A survey on failures of systems shows that, excluding the "infant mortality" failures (recurring failures often due to bugs in new software or hardware products) that accounts for 1/3 of the failures, system administration, including operator actions, system configuration, and system maintenance, is the main source of failure, accounting for 42% of rest of failures. Software bugs account for 25%, hardware failures account for 18%, and environment (power, communications, facilities) accounts for 14%. In contrast to historical records, system administration and software bugs are now the main sources of failures. The key to high availability is tolerating operations and software faults.

To tolerate operation faults, the top priority is to reduce administrative mistakes by making self-configured systems with minimal maintenance and minimal operator interaction. Maintenance, on the other hand, is a more controversial topic: new and changing systems have higher failure rates ("infant mortality"), while bugfixes should be installed as soon as possible. For hardware, the study shows that one must install hardware fixes in a timely fashion. But software updates and fixes are much more frequent than hardware fixes. The best practice is to install a software fix if the bug is causing the outages or there is a major software release.

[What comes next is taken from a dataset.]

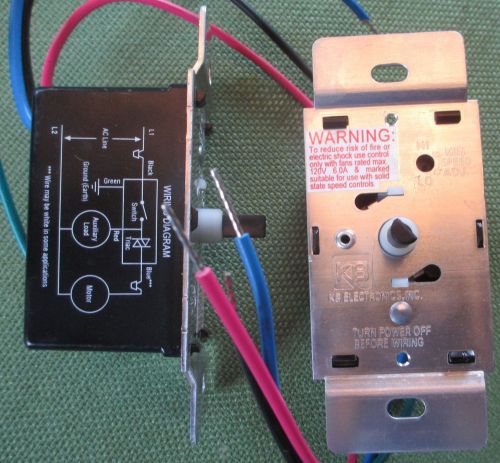 Kb electronics solid state motor speed control kbwc-16k 120vac 6 amp 2ea new nr for sale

Building fault-tolerant software involve 5 key components:

Fault-Tolerant Communication

Communication lines are the most unreliable part of a distributed system. They are numerous and have poor MTBF. In hardware, fault-tolerant communication is obtained by having multiple data paths with independent failure models; in software, fault-tolerant communication is obtained through the abstraction of sessions. A session has simple semantics: a sequence of messages are sent via the session. When a communication path fails, another path is tried. Process-pairs hide behind sessions so they are transparent above the session layer.

Fault-Tolerant Storage

The basic form of fault-tolerant storage is replication of a file on two media with independent failure characteristics, hence storing a replica in a remote location gives good improvements to availability. Since they executes in different environments (hardware, system configuration, etc), this also gives excellent protection against Heisenbugs. This can be done in several ways: we can have exact replicas with synchronized updates, a checkpoint and a transaction journal, and etc.

Another technique is to partition the data across discs or nodes to limit the scope of failure, so that local users can still access local data even when remote node is down or network fails.

Gray, Jim. "Why do computers stop and what can be done about it?." Symposium on reliability in distributed software and database systems. 1986.